Pictures aside, reproduce exactly each line from the one holding "The little boy listens to music and sings a song." through the last line of the material, both ends included.

● **TASK INPUT**
[Start of section]

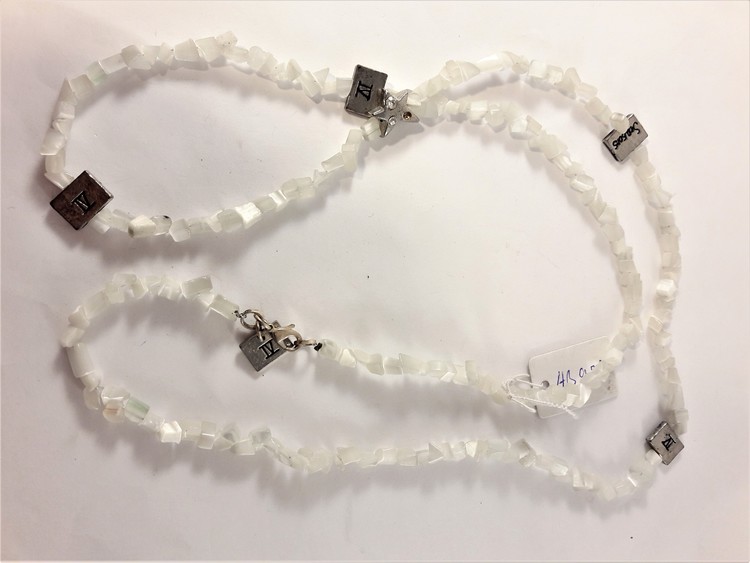 Halsband med vita stenar och silverfärgade detaljer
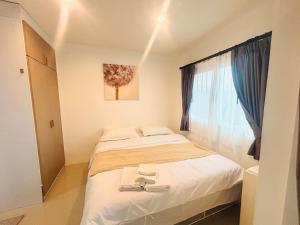 Phuket naka Condon-41无边泳池免费上网免费停车位 في فوكيت تاون: غرفة نوم صغيرة بها سرير ونافذة +92 صورة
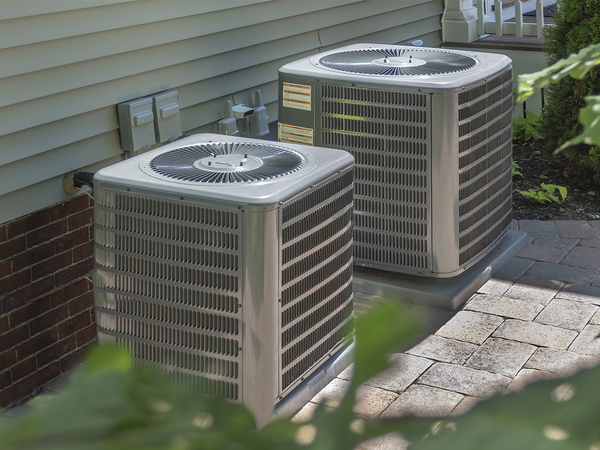 Two air conditioning units sitting outside. Two air conditioning units sitting outside.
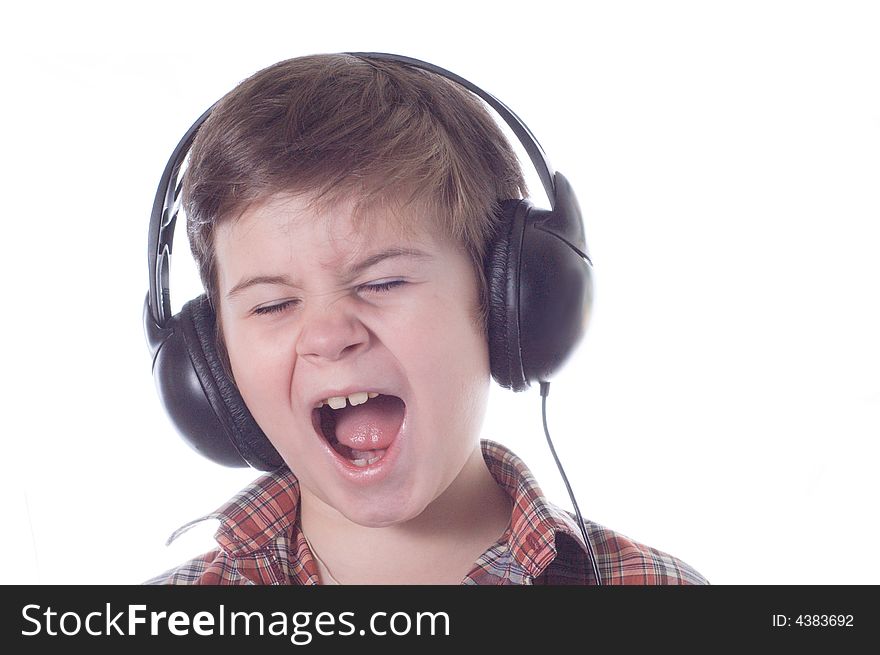 The little boy listens to music and sings a song. The little boy listens to music and sings a song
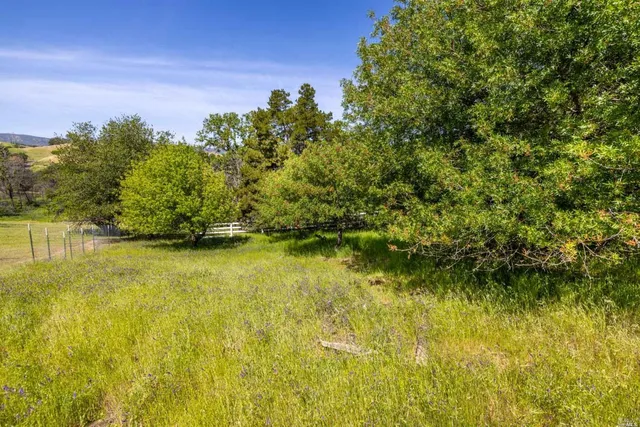 a view of a lake with a house in background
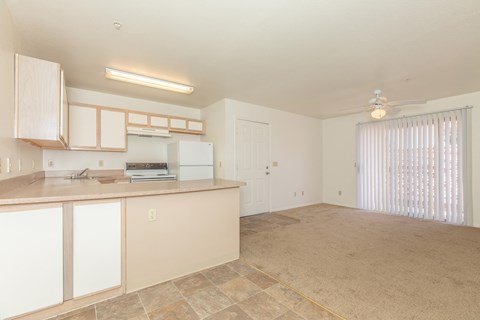 A kitchen with white cabinets and a counter top.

[End of section]

● **RESULT FOR THIS TASK**
 The little boy listens to music and sings a song. The little boy listens to music and sings a song
 a view of a lake with a house in background
 A kitchen with white cabinets and a counter top.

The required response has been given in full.